* DIRECTIONS FOR THIS TASK:
Only one stretch of the data below is wanted: the lines from the one with "class='q'>衬衫</b>背带<b class='q'>裤</b>套<b class='q'>装</b>女" through the one with "Ο Βλαδίμηρος Τζιωρτζής", repeated exactly.
*** Opening of RECORD SET ***
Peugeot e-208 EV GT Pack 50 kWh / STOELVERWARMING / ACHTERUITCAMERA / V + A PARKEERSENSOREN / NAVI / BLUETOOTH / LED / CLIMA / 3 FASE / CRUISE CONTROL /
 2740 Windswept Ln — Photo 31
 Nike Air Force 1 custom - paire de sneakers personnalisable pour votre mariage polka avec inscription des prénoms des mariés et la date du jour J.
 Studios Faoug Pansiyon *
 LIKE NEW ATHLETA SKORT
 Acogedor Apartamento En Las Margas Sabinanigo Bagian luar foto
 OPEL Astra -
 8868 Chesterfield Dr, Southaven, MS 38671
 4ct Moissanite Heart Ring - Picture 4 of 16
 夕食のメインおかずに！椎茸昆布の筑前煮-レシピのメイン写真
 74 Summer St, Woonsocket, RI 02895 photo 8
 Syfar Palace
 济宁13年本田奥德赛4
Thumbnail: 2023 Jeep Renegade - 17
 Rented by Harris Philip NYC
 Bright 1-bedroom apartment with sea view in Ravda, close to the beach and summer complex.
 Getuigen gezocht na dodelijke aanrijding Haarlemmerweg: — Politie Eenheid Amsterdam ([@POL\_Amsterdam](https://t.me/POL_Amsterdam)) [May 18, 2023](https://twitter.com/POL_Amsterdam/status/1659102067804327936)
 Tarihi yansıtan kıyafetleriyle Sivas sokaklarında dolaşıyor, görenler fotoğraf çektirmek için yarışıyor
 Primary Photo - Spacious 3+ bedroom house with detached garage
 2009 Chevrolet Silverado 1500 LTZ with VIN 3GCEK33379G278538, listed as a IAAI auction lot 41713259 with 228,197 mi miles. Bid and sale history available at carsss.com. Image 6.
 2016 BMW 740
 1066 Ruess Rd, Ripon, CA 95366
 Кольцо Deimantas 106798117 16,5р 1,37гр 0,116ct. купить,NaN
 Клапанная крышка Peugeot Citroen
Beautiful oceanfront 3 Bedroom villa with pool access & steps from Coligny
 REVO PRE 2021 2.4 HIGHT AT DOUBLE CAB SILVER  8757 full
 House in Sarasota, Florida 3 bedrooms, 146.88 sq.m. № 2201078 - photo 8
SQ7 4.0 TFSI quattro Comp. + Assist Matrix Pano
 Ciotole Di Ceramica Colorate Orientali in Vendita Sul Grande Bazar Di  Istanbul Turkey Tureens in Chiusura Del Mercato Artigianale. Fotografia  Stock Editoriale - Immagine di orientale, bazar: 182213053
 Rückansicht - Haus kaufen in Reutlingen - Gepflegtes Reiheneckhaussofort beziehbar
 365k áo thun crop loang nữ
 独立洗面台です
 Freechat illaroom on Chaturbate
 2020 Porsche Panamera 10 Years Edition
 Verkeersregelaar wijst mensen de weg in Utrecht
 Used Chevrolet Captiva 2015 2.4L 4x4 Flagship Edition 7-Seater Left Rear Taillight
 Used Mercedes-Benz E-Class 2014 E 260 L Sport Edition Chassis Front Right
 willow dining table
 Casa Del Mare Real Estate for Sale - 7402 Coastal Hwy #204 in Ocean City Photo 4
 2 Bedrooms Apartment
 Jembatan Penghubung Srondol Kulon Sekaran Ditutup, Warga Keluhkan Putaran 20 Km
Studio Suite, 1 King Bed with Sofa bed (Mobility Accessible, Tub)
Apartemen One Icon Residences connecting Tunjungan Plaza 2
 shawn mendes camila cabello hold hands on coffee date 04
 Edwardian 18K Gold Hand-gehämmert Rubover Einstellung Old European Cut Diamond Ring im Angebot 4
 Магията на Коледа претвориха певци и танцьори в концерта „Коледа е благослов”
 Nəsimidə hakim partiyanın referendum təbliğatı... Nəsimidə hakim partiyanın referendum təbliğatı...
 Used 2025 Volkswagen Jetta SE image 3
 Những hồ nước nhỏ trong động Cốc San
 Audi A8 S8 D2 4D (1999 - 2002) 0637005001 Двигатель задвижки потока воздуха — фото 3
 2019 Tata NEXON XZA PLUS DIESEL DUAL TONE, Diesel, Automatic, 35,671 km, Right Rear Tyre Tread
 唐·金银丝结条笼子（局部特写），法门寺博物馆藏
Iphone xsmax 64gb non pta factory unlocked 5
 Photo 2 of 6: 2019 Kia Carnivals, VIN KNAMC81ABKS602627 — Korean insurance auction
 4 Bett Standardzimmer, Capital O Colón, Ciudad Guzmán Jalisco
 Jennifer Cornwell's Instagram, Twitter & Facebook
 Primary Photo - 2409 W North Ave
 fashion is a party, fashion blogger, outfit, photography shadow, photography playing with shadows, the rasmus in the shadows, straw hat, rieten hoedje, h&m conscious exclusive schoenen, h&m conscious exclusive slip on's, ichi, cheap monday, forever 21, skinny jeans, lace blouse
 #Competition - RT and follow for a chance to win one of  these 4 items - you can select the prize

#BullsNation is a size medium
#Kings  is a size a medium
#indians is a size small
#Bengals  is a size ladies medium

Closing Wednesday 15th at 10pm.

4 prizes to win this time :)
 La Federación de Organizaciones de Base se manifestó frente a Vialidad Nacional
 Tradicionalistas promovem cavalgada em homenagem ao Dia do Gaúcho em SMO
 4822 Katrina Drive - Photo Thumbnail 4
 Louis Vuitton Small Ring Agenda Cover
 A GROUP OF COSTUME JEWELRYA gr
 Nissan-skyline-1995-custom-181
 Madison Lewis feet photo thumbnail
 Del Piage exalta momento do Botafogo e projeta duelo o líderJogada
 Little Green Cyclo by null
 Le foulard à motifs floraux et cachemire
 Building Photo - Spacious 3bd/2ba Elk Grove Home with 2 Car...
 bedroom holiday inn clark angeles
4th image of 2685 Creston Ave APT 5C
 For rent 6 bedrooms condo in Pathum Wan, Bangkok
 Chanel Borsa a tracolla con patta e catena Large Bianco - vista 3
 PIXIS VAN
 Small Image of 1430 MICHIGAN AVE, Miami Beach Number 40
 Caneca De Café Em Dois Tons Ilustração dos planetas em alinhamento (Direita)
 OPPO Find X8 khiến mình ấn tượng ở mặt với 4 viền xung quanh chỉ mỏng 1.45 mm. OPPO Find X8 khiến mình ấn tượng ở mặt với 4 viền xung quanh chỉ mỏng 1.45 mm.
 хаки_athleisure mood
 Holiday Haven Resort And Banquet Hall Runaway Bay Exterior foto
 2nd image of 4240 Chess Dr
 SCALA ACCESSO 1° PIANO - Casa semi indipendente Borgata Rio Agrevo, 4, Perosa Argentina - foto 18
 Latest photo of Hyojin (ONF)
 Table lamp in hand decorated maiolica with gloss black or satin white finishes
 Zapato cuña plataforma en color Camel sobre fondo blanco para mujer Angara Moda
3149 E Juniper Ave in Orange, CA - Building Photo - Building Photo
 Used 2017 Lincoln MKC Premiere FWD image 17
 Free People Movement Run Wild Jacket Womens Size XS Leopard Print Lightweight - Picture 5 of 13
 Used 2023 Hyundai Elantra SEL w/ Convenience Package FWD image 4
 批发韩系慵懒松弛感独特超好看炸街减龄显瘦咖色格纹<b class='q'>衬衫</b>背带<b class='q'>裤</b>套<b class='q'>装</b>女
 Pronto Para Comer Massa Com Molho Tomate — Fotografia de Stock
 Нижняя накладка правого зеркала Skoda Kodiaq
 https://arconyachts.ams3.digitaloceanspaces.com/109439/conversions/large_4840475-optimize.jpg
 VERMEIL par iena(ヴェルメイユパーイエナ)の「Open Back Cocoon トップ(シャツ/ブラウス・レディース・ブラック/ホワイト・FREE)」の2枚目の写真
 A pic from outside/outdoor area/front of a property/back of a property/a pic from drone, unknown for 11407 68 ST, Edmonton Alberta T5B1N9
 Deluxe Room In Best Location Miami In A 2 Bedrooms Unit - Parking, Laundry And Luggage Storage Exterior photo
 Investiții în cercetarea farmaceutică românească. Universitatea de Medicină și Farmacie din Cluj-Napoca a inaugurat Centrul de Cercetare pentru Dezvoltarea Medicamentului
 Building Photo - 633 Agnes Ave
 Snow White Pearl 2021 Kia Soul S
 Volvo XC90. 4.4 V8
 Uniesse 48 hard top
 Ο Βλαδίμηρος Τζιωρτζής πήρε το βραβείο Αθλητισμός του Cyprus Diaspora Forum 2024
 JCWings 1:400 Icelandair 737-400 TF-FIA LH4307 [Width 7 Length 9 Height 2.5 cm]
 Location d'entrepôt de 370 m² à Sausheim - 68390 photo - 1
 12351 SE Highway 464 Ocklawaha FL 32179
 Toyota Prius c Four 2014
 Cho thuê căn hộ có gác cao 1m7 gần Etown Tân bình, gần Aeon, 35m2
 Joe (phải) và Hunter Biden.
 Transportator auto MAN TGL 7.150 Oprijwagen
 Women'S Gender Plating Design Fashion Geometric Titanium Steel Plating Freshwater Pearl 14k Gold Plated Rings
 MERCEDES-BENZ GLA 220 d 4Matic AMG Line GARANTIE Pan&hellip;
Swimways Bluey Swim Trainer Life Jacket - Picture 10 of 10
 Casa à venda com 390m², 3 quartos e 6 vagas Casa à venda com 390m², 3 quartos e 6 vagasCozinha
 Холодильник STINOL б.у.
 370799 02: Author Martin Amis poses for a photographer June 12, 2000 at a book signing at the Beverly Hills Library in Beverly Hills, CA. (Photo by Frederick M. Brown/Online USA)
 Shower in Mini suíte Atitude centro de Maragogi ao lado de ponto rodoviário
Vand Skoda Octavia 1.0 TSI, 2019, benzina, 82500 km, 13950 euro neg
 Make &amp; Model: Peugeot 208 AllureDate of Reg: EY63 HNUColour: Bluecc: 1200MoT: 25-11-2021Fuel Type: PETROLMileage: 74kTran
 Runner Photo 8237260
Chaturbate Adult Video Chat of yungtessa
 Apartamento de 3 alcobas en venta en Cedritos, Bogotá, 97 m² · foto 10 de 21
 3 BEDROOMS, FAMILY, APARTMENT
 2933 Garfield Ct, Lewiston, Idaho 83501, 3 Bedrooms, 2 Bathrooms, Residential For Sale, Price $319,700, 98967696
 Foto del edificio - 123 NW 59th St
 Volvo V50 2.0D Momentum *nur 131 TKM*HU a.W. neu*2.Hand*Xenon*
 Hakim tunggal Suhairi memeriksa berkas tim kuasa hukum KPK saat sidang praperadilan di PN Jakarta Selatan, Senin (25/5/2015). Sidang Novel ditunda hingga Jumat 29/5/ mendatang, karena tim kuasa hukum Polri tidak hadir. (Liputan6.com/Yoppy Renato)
*** Close of RECORD SET ***
* SOLUTION FOR THIS TASK:
 批发韩系慵懒松弛感独特超好看炸街减龄显瘦咖色格纹<b class='q'>衬衫</b>背带<b class='q'>裤</b>套<b class='q'>装</b>女
 Pronto Para Comer Massa Com Molho Tomate — Fotografia de Stock
 Нижняя накладка правого зеркала Skoda Kodiaq
 https://arconyachts.ams3.digitaloceanspaces.com/109439/conversions/large_4840475-optimize.jpg
 VERMEIL par iena(ヴェルメイユパーイエナ)の「Open Back Cocoon トップ(シャツ/ブラウス・レディース・ブラック/ホワイト・FREE)」の2枚目の写真
 A pic from outside/outdoor area/front of a property/back of a property/a pic from drone, unknown for 11407 68 ST, Edmonton Alberta T5B1N9
 Deluxe Room In Best Location Miami In A 2 Bedrooms Unit - Parking, Laundry And Luggage Storage Exterior photo
 Investiții în cercetarea farmaceutică românească. Universitatea de Medicină și Farmacie din Cluj-Napoca a inaugurat Centrul de Cercetare pentru Dezvoltarea Medicamentului
 Building Photo - 633 Agnes Ave
 Snow White Pearl 2021 Kia Soul S
 Volvo XC90. 4.4 V8
 Uniesse 48 hard top
 Ο Βλαδίμηρος Τζιωρτζής πήρε το βραβείο Αθλητισμός του Cyprus Diaspora Forum 2024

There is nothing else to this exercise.